Official Title Brief Digitally Enhanced Intervention for Managing Emotional Pain and Reducing Alcohol Use during Medication for OUD (Phase Two)

Purpose

This study is being done to further examine and improve how a brief clinical treatment intervention may reduce alcohol use among patients engaged in medication for opioid use disorder (MOUD) treatment.

The length of the study is approximately 10 weeks and will include two on-campus lab visits at Ohio State's Medical Campus, daily surveys via a smartphone app (surveys 3 times a day for ~21 days), three treatment sessions (completed online or in-person), and follow-up questionnaires (completed online). The total time commitment of the study is 11 hours and 6 minutes.

Could this study be right for you?

Inclusion Criteria:

• engaged in MOUD treatment (for at least one month)
• alcohol consumption (within the past 12 months)
• age 18 or older
• access to a smart phone

(partial list of inclusion criteria)

Exclusion Criteria:

• diagnosis of psychosis or bipolar I
• currently pregnant (positive pregnancy test)

(partial list of exclusion criteria)

Age Range

18 years and up

Official Title Depressive Episodes Associated with Bipolar I or II Disorder: A Double-Blind,
Placebo-Controlled Study to Evaluate the Efficacy, Safety, and Tolerability of
ABBV-932

Purpose

The purpose of this study is to see if the investigational study drug is safe and useful for treating patients with bipolar depression.

Eligible participants will be randomized to receive the drug or placebo.

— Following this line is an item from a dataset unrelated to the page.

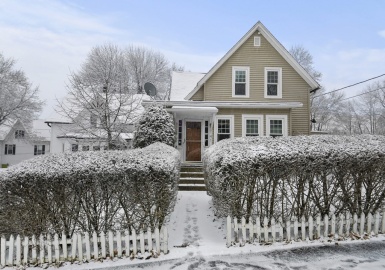 141 Washington Street, Gardner, Massachusetts 01440, 3 Bedrooms Bedrooms, 9 Rooms Rooms,1.5 BathroomsBathrooms,Residential,For Sale,Washington Street,73073366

A placebo looks just like the investigational study drug but has no active drug in it.

The maximum duration of the study treatment period is 6 weeks. Participants receive psychiatric evaluation at each visit, and physical exam, urine test and blood draws at some of the visits. All study medication and procedures are provided at no cost, and participants may be compensated for their time and travel for each visit attended.

Could this study be right for you?

A diagnosis of bipolar disorder (type I or II) and be currently depressed.

Age Range

18 - 65 years

Official Title A Multicenter, Randomized, Double-Blind, Parallel-Group
Dose-Controlled Study Evaluating the Safety and Efficacy of
RE104 for Injection in the Treatment of Patients with
Postpartum Depression (PPD)

Purpose

The purpose of this study is to compare the effectiveness of two doses of an experimental medication, administered once, in reducing symptoms of depression in patients with postpartum depression.

 

Eligible participants will be assigned by chance to one of the two doses of the medication. The study includes 6 in-person visits and 4 telephone calls for up to 8 weeks.

Could this study be right for you?

To be eligible for this study, participants must meet the following criteria:

• Female aged 18 to 45 years
• Less than 12 months since delivery
• Currently depressed
• Not currently breastfeeding

Age Range

18 - 45 years

Official Title A Phase III, multicentre, randomised, double-blind,
controlled study to investigate the efficacy, safety,
and tolerability of two initial administrations of
COMP360 in participants with treatment-resistant
depression

Purpose

The study investigates a new approach for treatment-resistant depression using an investigational medicine related to psilocybin alongside psychological support.

Could this study be right for you?

You may be able to join the study if you:

—         Are 18 years of age or older

—         Have been diagnosed with major depression and have not responded to 2+ antidepressants

Other criteria will need to be met to confirm your eligibility for this study, which will last up to 62 weeks.

Age Range

18 years and up

Official Title A Randomized, Double-Blind, Placebo-controlled Multicenter Study to Assess the
Efficacy and Safety of Lumateperone as Adjunctive Therapy in the Treatment of
Patients with Major Depressive Disorder

Purpose

Depression is one of the most common mental health issues worldwide. Many people with major depressive disorder (MDD) take antidepressant medications that do not provide enough of a response to ease their depressive symptoms.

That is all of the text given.